Proof that the dirac delta function is a member of $H^{-1}(\mathbb{R})$

Question

I see this fact commonly stated but I haven't been able to find a formal proof of this fact anywhere.

Thanks.

Answer 1

Yes, this is an important fact to understand (including various proofs, a.k.a. "mechanisms"). It may often get "lost in the shuffle" of fancier things, or consigned to an exercise...

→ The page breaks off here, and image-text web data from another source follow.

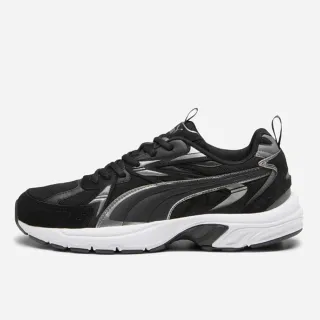 【PUMA】運動鞋 休閒鞋 男鞋 Transport(37702806) 歷史價格詳細信息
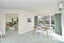 136A Brookside Terrace, Bryndwr, Christchurch - Carousel 2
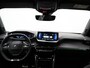 Peugeot e-2008 EV GT Pack 50 kWh | Panoramadak | Stoel- & Voorruitverw. |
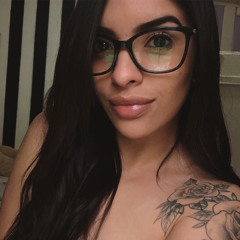 Michelle Jimenez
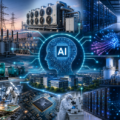 AI Infrastructure companies in India
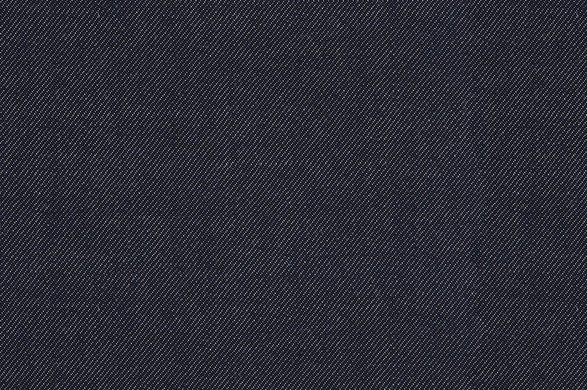290301.jpg HAMPTONS COLLECTION - 290301 - Ảnh 1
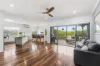 17 Evergreen Street, Mitchelton, Qld 4053-Image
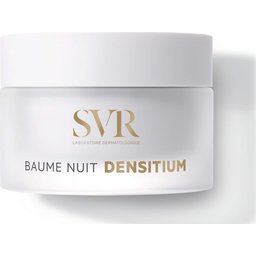 Baume Nuit Densitium 50ml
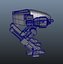 robocop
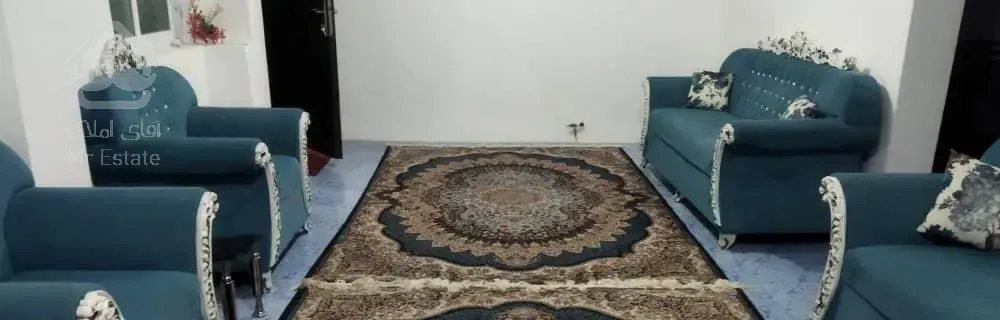 ویلایی نوسازسند تکبرگ جاده قلعه رودخان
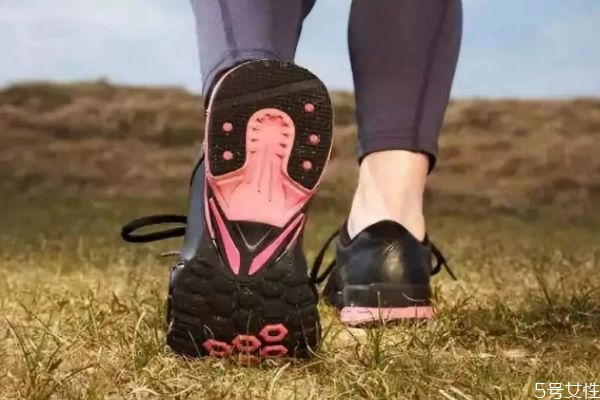 快走有什么好处和坏处,长期快走有什么好处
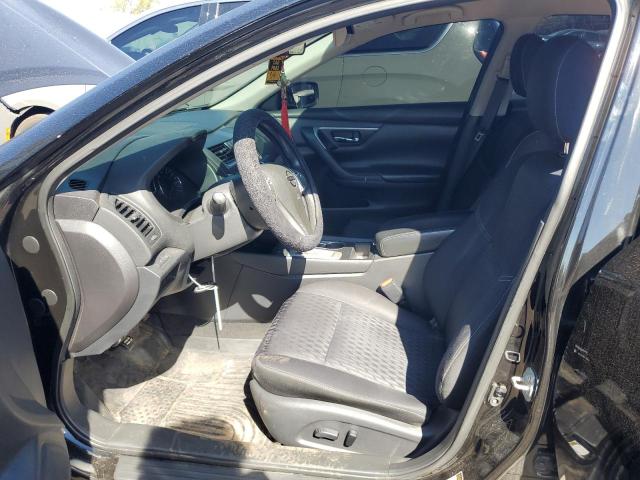 2017 NISSAN ALTIMA 2.5 1N4AL3APXHC209223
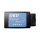 Bluetooth OBD2 universeller Fehlercode-Leser Autodiagnose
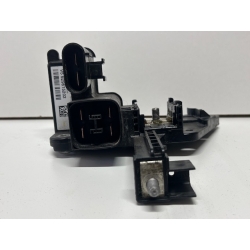 Skrzynka rozdzielcza napięcia BMW 3 TOURING (F31) 9296152 2.0L diesel 135kW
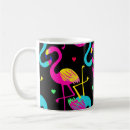 Search for tropical design mugs Pattern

One proof proceeds from the characterization of with $H^{-1}(\mathbb R)$ as the (continuous) dual of $H^1(\mathbb R)$. Sobolev imbedding/inequality gives (a continuous inclusion) $H^{1/2+\varepsilon}(\mathbb R)\subset C^0(\mathbb)$, with the Frechet space structure on the latter. Then elementary estimates show that evaluation at $0$ is a continuous linear functional on $C^0(\mathbb R)$, so there we are. (Indeed, $\delta$ is in $H^{-1/2-\varepsilon}(\mathbb R)$ for every $\varepsilon>0$.)

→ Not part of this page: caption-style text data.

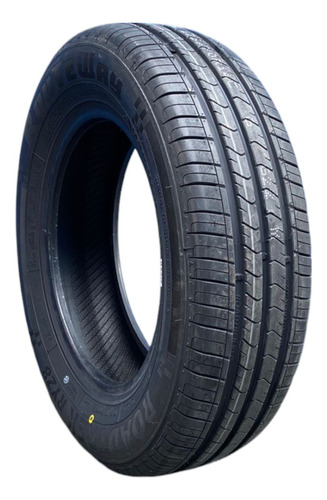 Kit 4 Pneus 175/70r14c 95/93t 6pr Roatrek Ry28 Routeway
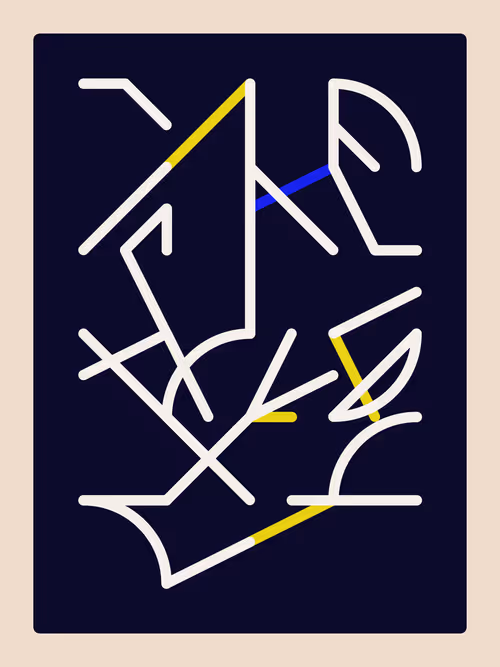 Item #38441269529530760174436903279067870552302020082136112054512561064231156318209 Media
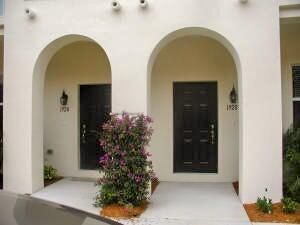 For Rent: $2,899 (3 beds, 2 baths, 1888 Square Feet)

Another proof uses the Fourier transform characterization of $L^2$-Sobolev spaces (and gives the more precise estimate of where $\delta$ lies). Namely, the Fourier transform of $\delta$ is computed (by various means, not only heuristic but also rigorous) to be $1$. Since $\int_{\mathbb R}|1|^2\cdot dx/(1+x^2)^s<+\infty$ for all real $s>{1/2+\varepsilon}$, we have $\delta$ in the corresponding Sobolev space.

Yes, there are some tricks that give simpler heuristic arguments than these, but these are somehow (to my thinking, anyway) the most honest explanations. Neither is trivial, indeed.